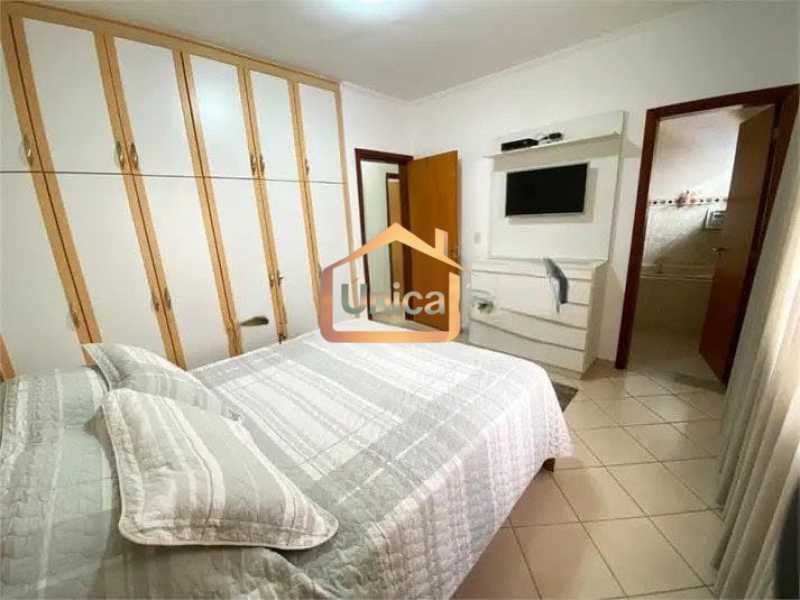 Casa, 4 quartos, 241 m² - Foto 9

--------

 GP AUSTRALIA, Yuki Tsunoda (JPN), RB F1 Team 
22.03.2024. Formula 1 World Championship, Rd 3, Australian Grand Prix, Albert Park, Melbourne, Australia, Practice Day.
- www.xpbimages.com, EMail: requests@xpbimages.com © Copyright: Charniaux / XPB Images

--------

→ What you have to do: In the entries above, the lines from the one bearing "GP AUSTRALIA, Yuki" up to and including the one bearing "- www.xpbimages.com, EMail: requests@xpbimages.com" should be transcribed exactly; no other line is wanted.

→ Final answer:
 GP AUSTRALIA, Yuki Tsunoda (JPN), RB F1 Team 
22.03.2024. Formula 1 World Championship, Rd 3, Australian Grand Prix, Albert Park, Melbourne, Australia, Practice Day.
- www.xpbimages.com, EMail: requests@xpbimages.com © Copyright: Charniaux / XPB Images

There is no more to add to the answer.